Data for processing:
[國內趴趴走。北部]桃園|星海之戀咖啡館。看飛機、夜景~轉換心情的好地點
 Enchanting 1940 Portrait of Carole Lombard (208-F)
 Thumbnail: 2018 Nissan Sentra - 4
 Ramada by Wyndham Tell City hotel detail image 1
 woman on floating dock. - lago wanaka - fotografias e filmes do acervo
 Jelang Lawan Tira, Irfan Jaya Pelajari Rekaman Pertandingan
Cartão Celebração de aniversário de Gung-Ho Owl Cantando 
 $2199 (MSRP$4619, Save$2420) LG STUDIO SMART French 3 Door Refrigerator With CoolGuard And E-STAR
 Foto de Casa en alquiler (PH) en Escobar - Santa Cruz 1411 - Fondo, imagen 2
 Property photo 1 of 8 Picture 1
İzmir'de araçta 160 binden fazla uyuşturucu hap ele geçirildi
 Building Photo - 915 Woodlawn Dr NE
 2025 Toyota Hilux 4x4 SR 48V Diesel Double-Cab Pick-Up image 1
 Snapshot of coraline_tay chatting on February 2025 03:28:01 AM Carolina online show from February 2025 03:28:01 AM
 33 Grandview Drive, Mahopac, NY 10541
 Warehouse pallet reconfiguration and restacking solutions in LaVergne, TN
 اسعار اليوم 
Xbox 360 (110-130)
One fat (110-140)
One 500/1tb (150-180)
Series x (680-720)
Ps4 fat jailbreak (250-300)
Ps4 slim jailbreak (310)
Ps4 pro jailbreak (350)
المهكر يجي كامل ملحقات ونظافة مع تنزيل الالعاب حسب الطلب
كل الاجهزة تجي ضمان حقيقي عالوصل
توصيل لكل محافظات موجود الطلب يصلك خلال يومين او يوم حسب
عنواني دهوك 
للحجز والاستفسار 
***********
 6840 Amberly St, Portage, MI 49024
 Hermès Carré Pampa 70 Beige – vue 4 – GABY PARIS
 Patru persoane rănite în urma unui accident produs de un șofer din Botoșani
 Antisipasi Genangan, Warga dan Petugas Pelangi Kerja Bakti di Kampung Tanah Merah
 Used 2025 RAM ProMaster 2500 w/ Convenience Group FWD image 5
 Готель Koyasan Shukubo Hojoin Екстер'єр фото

Work item:
Each line of the material above that includes the word "jailbreak" counts once; give the total number alone.

Solution to the problem:
3